By Martin Lea @DorsetEchoMart

A 4ft-long python has been found at a Weymouth nature reserve.

The RSPCA is appealing for information after the snake, a royal python, was discovered at the RSPB Radipole Lake reserve.

A member of the public found the snake and raised the alarm.

It is feared the snake was abandoned by its owner.

The royal python, also known as a ball python, are said to be popular pets as they are quite timid and can become quite docile with careful handling. Such snakes are non-venomous.

RSPCA Inspector Ken Snook, who is investigating for the animal welfare charity, said: “If anyone thinks they may know who this snake belongs to then we would ask them to get in touch with us by calling our inspectorate appeal line on 0300 123 8018.

“It’s difficult to know how this royal python came to be at the nature reserve, although I fear the snake was abandoned as the location is far from any properties from which he could have escaped.

“Sadly, this isn’t unusual.
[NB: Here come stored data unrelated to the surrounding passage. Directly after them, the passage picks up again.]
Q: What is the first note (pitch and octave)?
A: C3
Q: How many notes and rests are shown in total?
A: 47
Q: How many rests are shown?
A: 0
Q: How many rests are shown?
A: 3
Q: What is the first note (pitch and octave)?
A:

We are finding that many people are unaware of how much of a commitment these animals are when they take them on, which we believe may be why we are rescuing hundreds of reptiles every year.

“Snakes are completely dependent on their owners for the correct accommodation, heating, lighting and feed, all of which must replicate their wild habitat as closely as possible to keep them healthy and allow them to express their normal behaviour.
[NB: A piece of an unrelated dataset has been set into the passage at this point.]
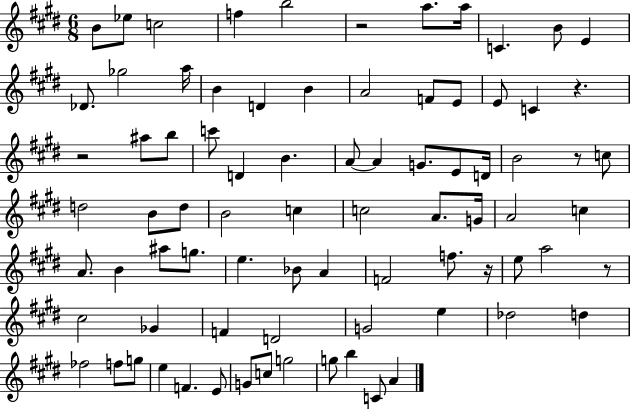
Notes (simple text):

B4/e Eb5/e C5/h F5/q B5/h R/h A5/e. A5/s C4/q. B4/e E4/q Db4/e. Gb5/h A5/s B4/q D4/q B4/q A4/h F4/e E4/e E4/e C4/q R/q. R/h A#5/e B5/e C6/e D4/q B4/q. A4/e A4/q G4/e. E4/e D4/s B4/h R/e C5/e D5/h B4/e D5/e B4/h C5/q C5/h A4/e. G4/s A4/h C5/q A4/e. B4/q A#5/e G5/e. E5/q. Bb4/e A4/q F4/h F5/e. R/s E5/e A5/h R/e C#5/h Gb4/q F4/q D4/h G4/h E5/q Db5/h D5/q FES5/h F5/e G5/e E5/q F4/q. E4/e G4/e C5/e G5/h G5/e B5/q C4/e A4/q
“Without proper care they can suffer from serious diseases, dehydration, injuries, parasites, and in severe cases or if left untreated, they can eventually die.”

The snake was found at the RSPB Radipole Lake on Wednesday, August 7.

The charity advises anyone who finds a snake they believe is non-native to keep a safe distance, monitor the snake and call the RSPCA helpline on 0300 1234 999.

The RSPCA says exotic pets such as snakes often end up in its care after people realise they're not easy to care for, or the novelty wears off. Others are rescued after they have been abandoned, escaped or been released on purpose, which then could be a risk to our native wildlife. Abandoning a reptile or releasing unwanted exotic pets into the wild is cruel and illegal, as most reptiles kept as pets are unlikely to be able to survive in the wild in Britain.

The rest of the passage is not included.